中国と”Nothing About Us Without Us” ――障害学国際セミナーへ

長瀬修 2022年1月20日

 ちょうど10年前になる。振り返れば、それは機会の窓が開いていた時期だったと言えるかもしれない。2012年だった。金子能宏さん(国立社会保障・人口問題研究所)から、中国人民大学で行われる障害者に関する国際会議で社会保障について報告してほしいと話があった。適任ではないと最初は辞退したが、有難いことに再度お誘いをいただき、結局は北京に足を運んだ。会議で驚いたのは、出席していた中国の障害者リーダーが圧倒的多数の研究者を前に”Nothing About Us Without Us"(私たち抜きで私たちのことを決めないで)を訴えていたことである。

(中国人民大学にて筆者と故金子能宏さん:右)

 私は、DPI(障害者インターナショナル)アジア太平洋ブロック議長を務められていた八代英太さんのスタッフをしていたことから1980年代後半から北京を訪問する機会があり、DPIのメンバーである中国障害者連合会(半官半民)との付き合いがあり友人もいる。
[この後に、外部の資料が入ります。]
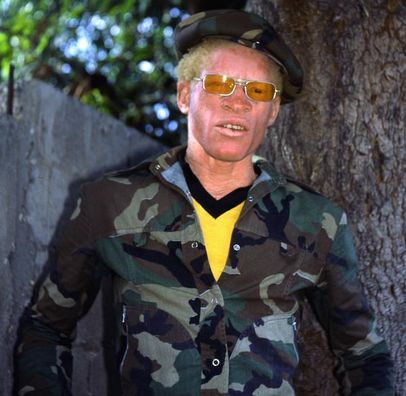 Foto de Yellowman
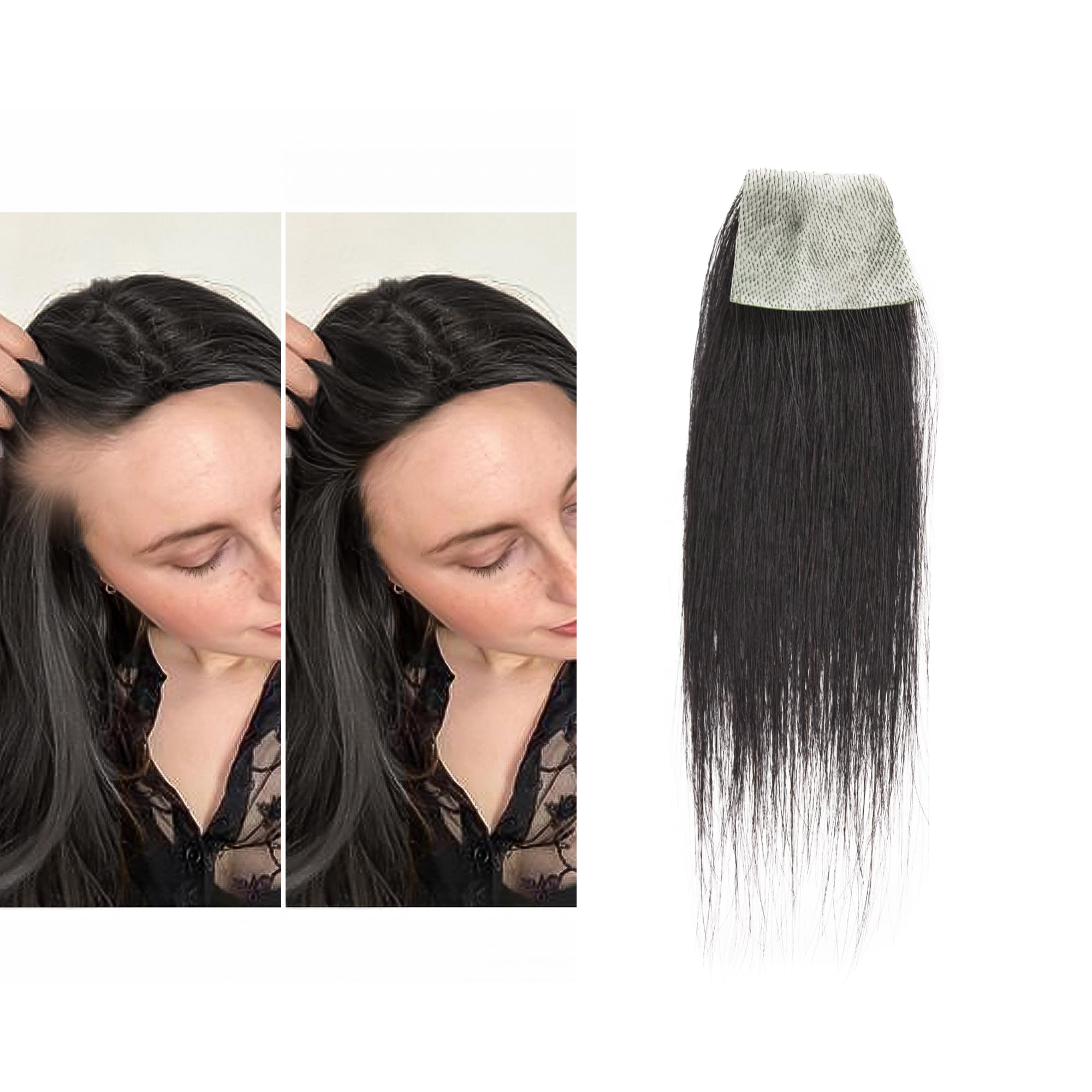 Human Hair Bald Spot Hair Patch Toupee Scar Human Hair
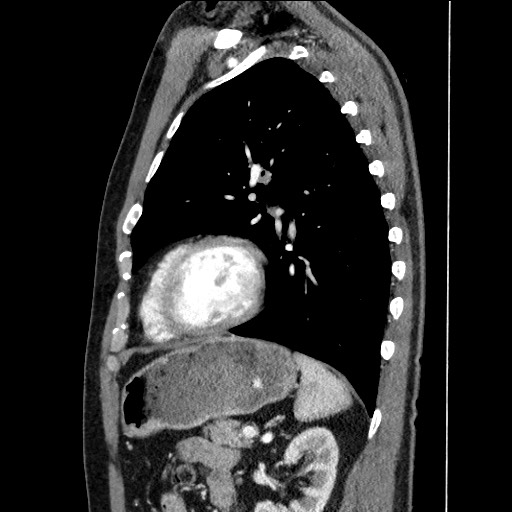 Adenocarcinoma of the lung (Radiopaedia 59871-67325 Sagittal C+ arterial phase 73).jpg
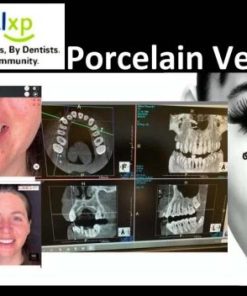 DentalXP Porcelain Veneers (Course)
しかし、熱気のこもった”Nothing About Us Without Us”を中国の障害者から耳にしたことはなかった。そのため人民大学で、骨形成不全やアルビノのリーダーが、障害者権利条約交渉時に何度も繰り返された、障害者自身の参加を強くアピールする言葉を口にするのを目にした時は非常に新鮮であり、衝撃だった。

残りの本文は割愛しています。